*** Opening INFORMATION GIVEN ***

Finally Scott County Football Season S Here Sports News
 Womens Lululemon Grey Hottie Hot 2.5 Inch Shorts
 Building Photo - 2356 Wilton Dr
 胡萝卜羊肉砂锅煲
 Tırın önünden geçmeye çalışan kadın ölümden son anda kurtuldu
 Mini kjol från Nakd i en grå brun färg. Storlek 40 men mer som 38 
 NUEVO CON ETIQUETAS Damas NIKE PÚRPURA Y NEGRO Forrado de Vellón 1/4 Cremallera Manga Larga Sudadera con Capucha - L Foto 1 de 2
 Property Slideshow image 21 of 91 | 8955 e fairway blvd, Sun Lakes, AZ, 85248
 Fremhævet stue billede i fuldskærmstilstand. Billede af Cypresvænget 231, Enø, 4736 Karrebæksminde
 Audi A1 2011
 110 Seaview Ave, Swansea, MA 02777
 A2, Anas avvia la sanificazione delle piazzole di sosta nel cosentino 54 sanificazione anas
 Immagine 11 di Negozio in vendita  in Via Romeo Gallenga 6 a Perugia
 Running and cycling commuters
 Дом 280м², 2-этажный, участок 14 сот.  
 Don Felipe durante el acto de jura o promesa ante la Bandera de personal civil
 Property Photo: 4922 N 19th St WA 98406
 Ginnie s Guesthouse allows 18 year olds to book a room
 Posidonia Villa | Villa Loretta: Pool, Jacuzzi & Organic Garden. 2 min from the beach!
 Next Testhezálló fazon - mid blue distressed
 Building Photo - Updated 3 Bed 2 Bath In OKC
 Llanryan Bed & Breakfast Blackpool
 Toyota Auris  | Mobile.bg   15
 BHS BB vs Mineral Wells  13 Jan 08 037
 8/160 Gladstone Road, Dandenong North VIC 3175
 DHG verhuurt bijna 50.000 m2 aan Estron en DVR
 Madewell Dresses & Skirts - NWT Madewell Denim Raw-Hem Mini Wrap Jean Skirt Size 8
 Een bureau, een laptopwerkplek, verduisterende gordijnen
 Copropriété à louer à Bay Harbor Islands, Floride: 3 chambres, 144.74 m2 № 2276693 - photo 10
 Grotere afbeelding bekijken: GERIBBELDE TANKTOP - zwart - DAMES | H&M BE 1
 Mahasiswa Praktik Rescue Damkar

*** Closing INFORMATION GIVEN ***

## PROBLEM REQUIREMENTS
Scan the lines above, and whenever one holds the string "Building", copy it.

## REPLY TO THE TASK
 Building Photo - 2356 Wilton Dr
 Building Photo - Updated 3 Bed 2 Bath In OKC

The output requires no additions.